* _Description of the task_
Return the records word for word. Any pictures in them are not part of the copy.
======== Data provided
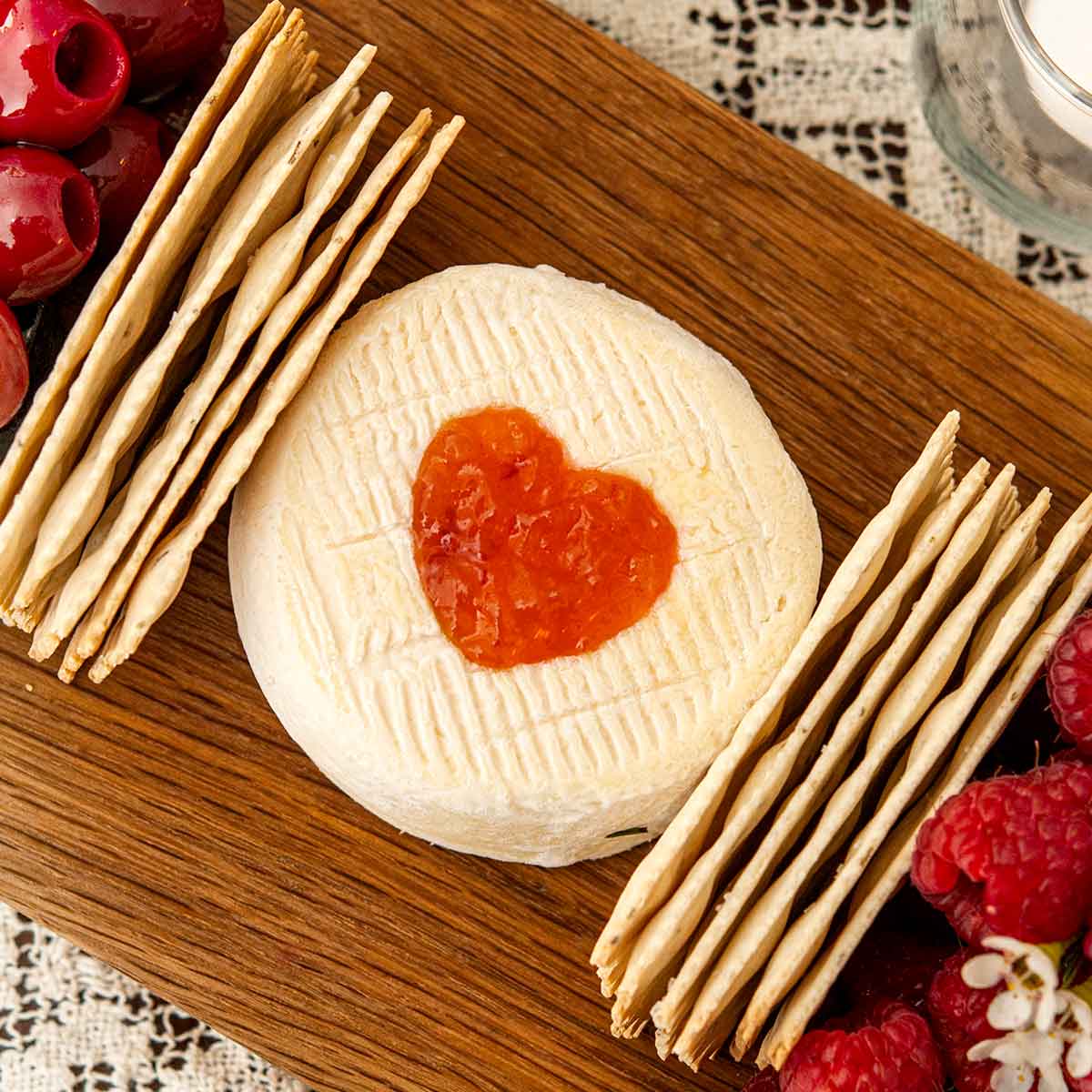 A heart of preserves cut into cheese on a board beside 2 stacks of crackers on a lace tablecloth.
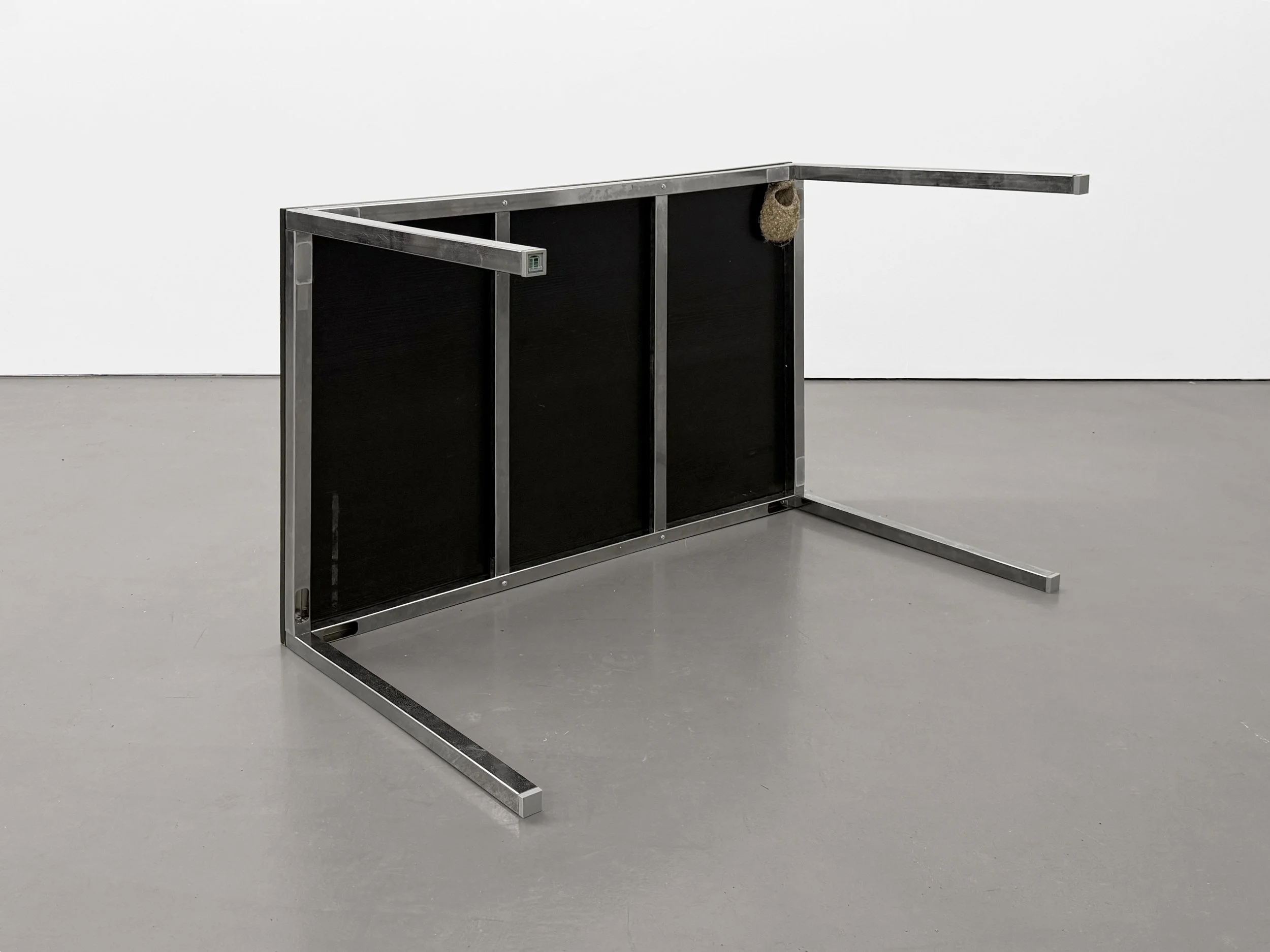 Installation view of “Three Views from a Nest,” a metal table sculpture with a bird nest attached, exhibited at Platform Stockholm.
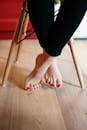 Person With Red Pedicure Standing on Brown Wooden Floor
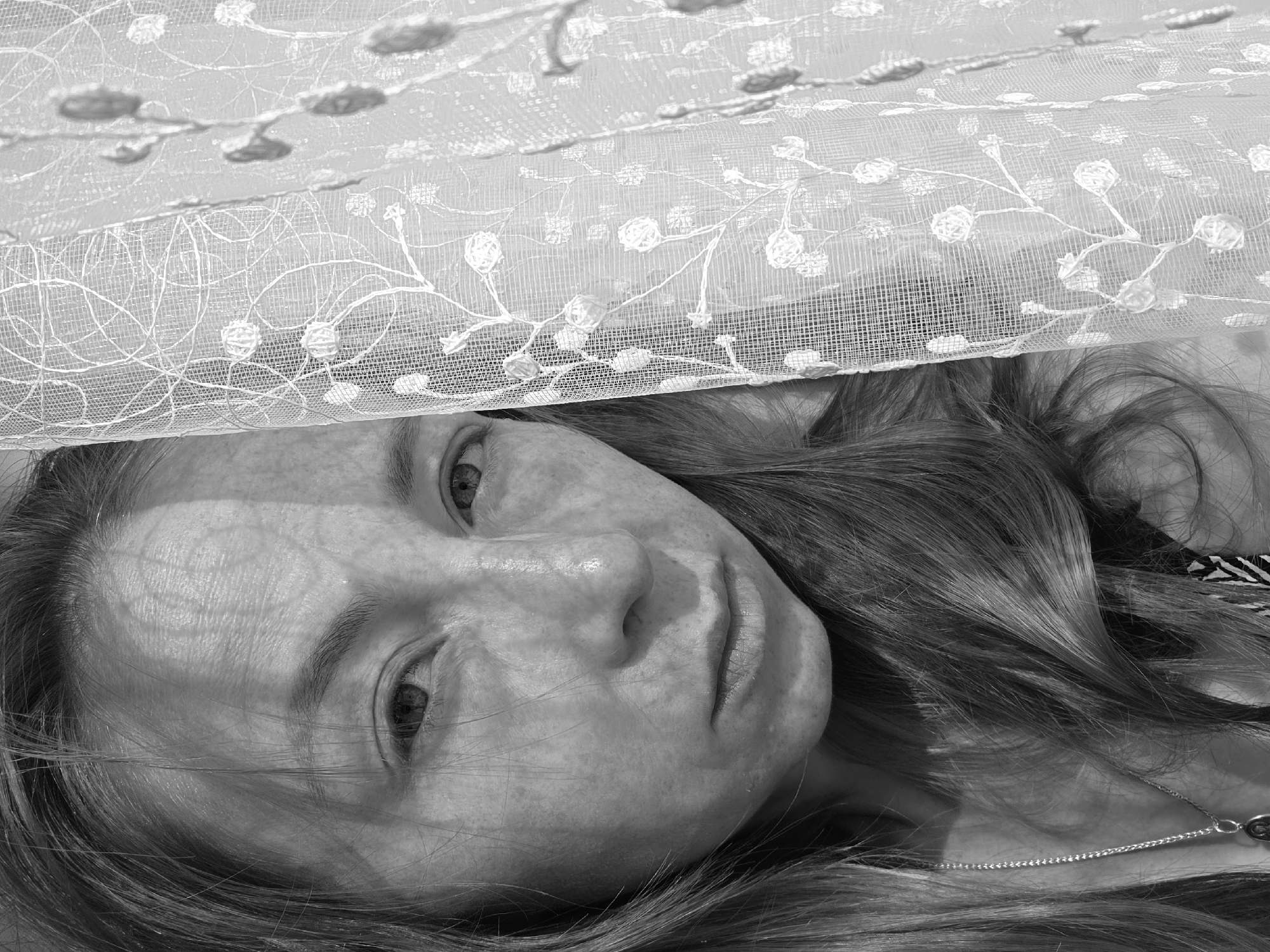 Woman photographed in intimate indoor setting near lace-curtained window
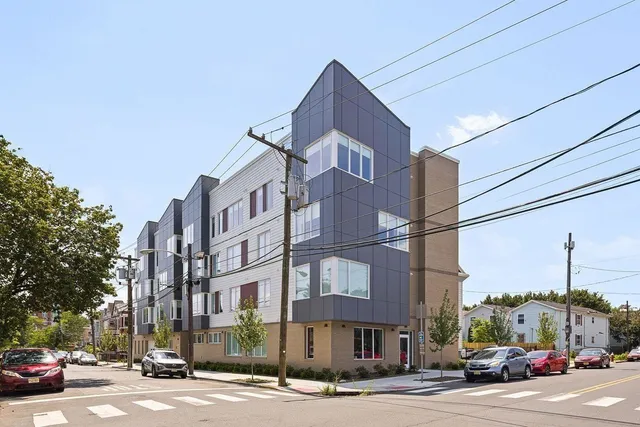 a city street lined with buildings and cars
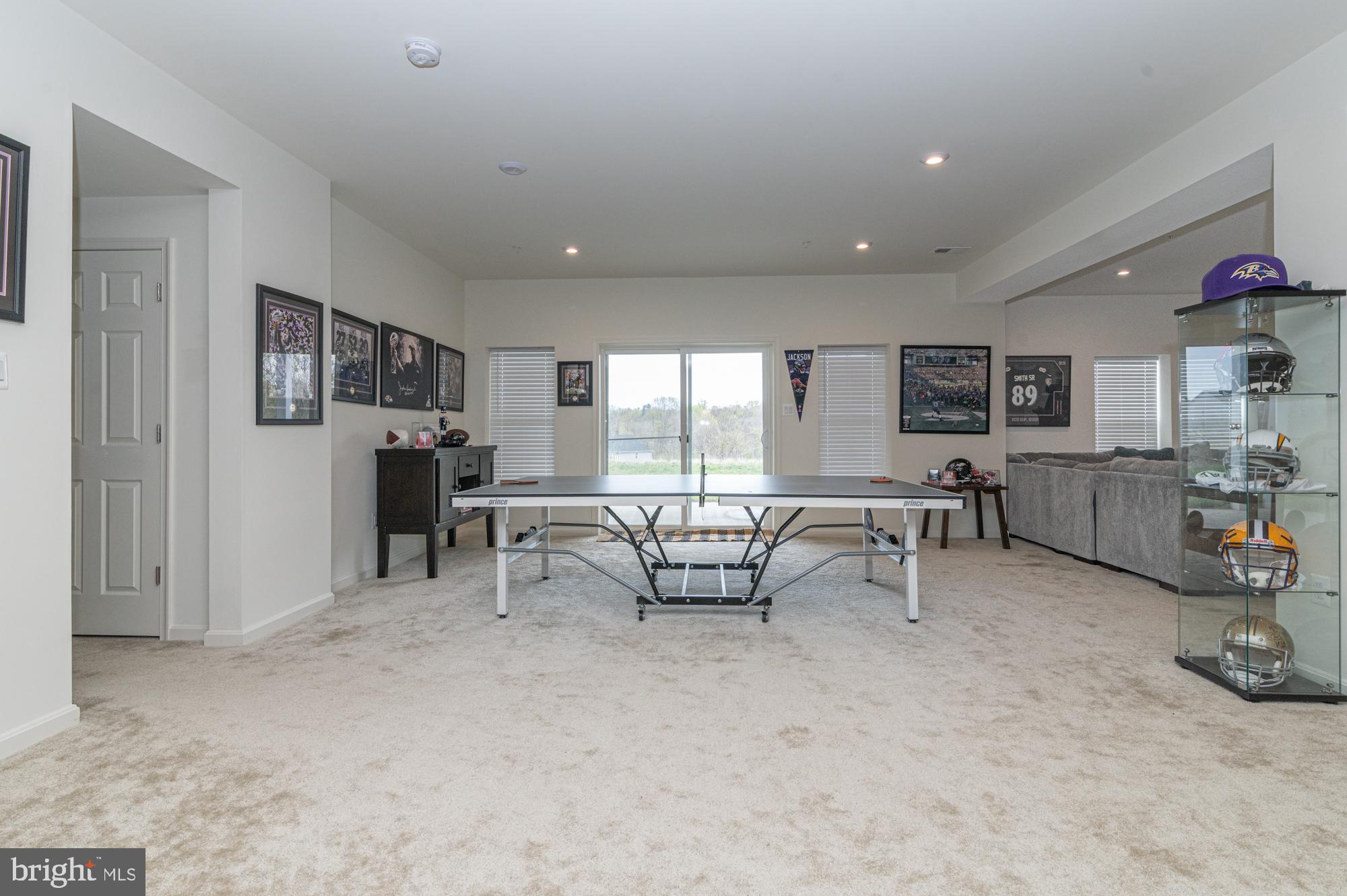 411 Karn Place Brunswick, MD 21716 - Photo 6 of 10 a living room with furniture and a table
================
* _Answer to this exercise_
 A heart of preserves cut into cheese on a board beside 2 stacks of crackers on a lace tablecloth.
 Installation view of “Three Views from a Nest,” a metal table sculpture with a bird nest attached, exhibited at Platform Stockholm.
 Person With Red Pedicure Standing on Brown Wooden Floor
 Woman photographed in intimate indoor setting near lace-curtained window
 a city street lined with buildings and cars
 411 Karn Place Brunswick, MD 21716 - Photo 6 of 10 a living room with furniture and a table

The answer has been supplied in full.